What did Gell-Mann wish someone told him when he was 20?

Earlier this year there was a conference in Singapore celebrating the 8oth birthday of Murray Gell-Mann. He gave an interesting talk, Some Lessons from Sixty Years of Theorizing, which is a good read. Here are just a couple of extracts:
things I wish someone had explained to me around 60 years ago....
The one I should like to emphasize particularly has to do with the frequently encountered need to go against certain received ideas. Sometimes these ideas are taken for granted all over the world and sometimes they prevail only in some broad region or in certain institutions. Often they have a negative character and they amount to prohibitions of thinking along certain lines. Now we know that most challenges to scientific orthodoxy are wrong and many are crank. Now and then, however, the only way to make progress is to defy one of those prohibitions that are uncritically accepted without good reason....

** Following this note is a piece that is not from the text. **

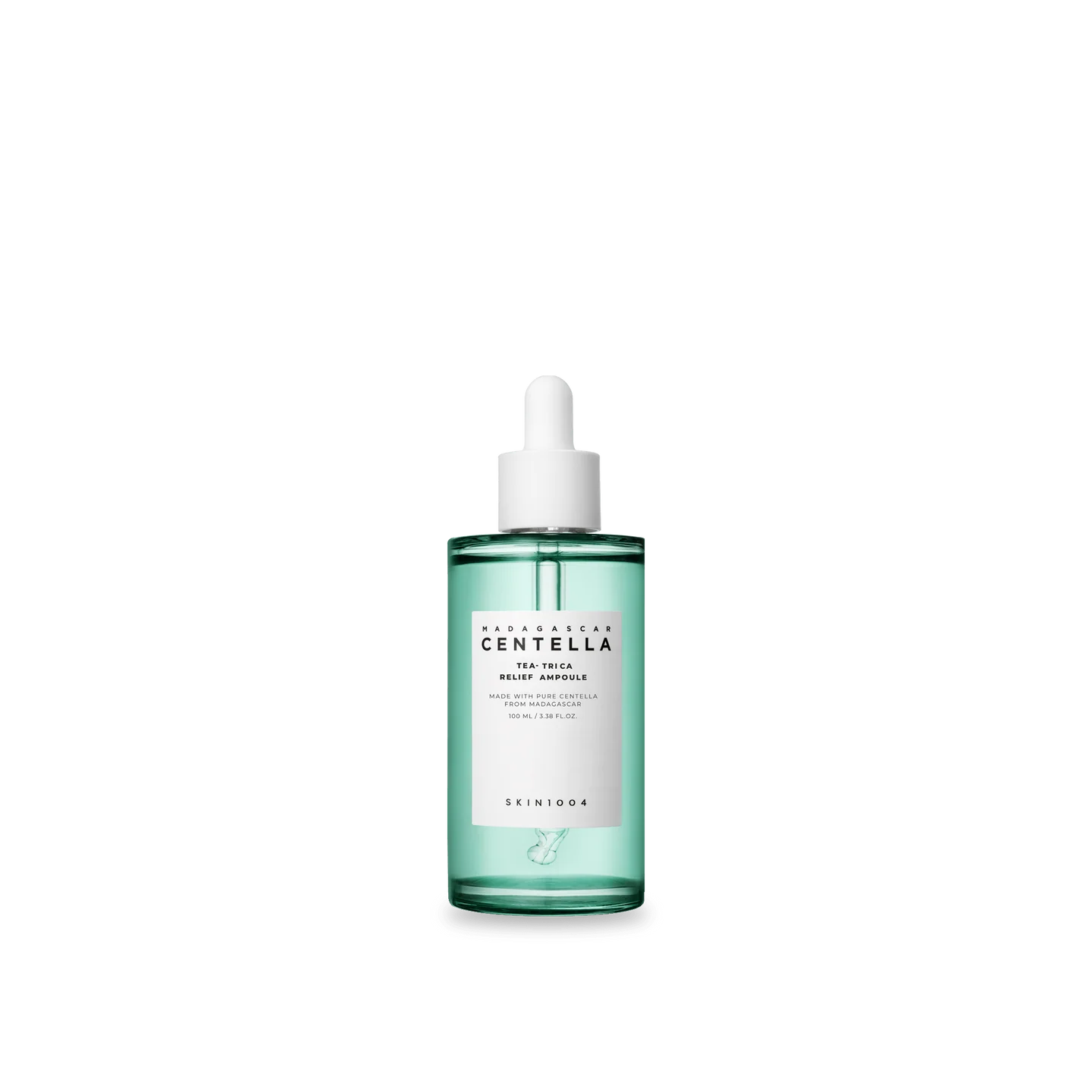 SKIN1004 Tea-Trica Relief Ampoule - 100 ml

He goes on to give some good historical examples, e.g., opposition to continental drift at Caltech...
doubt and messiness are inevitable. We should tolerate them, even embrace them......
I suffered for many decades from the belief that when hesitating between alter- natives I had to choose the correct one. Lyova Okun once quoted to me advice he had received from an older colleague: “Publish your idea along with the objections to it.” I would now add “Publish the two contradictory ideas along with their consequences and choose later.” Apparently the messiness of the process is inevitable. Instead of suffering while trying to make it perfectly clean and neat, why not embrace the messiness and enjoy it?
The last point is an indirect endorsement of the method of multiple alternative hypotheses.